# ***Supervised Learning: Regression Models and Performance Metrics :-***

1.  What is Simple Linear Regression (SLR)? Explain its purpose.

   ANS:- Simple Linear Regression (SLR) is a statistical method that models the relationship between two variables one independent (predictor) and one dependent (response). It fits a straight line, expressed as $Y=\beta _0+\beta _1X+\epsilon$ , where $\beta _0$ is the intercept, $\beta _1$ the slope, and $\epsilon$  the error term.

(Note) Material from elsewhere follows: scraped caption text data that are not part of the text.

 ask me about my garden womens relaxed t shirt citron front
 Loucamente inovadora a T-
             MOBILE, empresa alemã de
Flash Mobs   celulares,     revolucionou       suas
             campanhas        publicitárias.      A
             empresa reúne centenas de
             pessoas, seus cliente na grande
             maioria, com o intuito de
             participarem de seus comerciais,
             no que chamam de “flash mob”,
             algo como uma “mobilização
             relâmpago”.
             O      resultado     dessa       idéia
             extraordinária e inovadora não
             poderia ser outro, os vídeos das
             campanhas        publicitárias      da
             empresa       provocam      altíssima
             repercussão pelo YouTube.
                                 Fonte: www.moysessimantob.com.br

   It helps in predicting the dependent variable's value based on changes in the independent variable. Additionally, it measures the strength and direction of this relationship, offering insights into how variations in the predictor influence outcomes. This makes SLR useful for forecasting, trend analysis, and understanding cause-effect dynamics in data-driven decision-making across diverse fields.



2. What are the key assumptions of Simple Linear Regression?

    ANS:-  The key assumptions of Simple Linear Regression are:

    - **Linearity:** The relationship between independent and dependent variables is linear.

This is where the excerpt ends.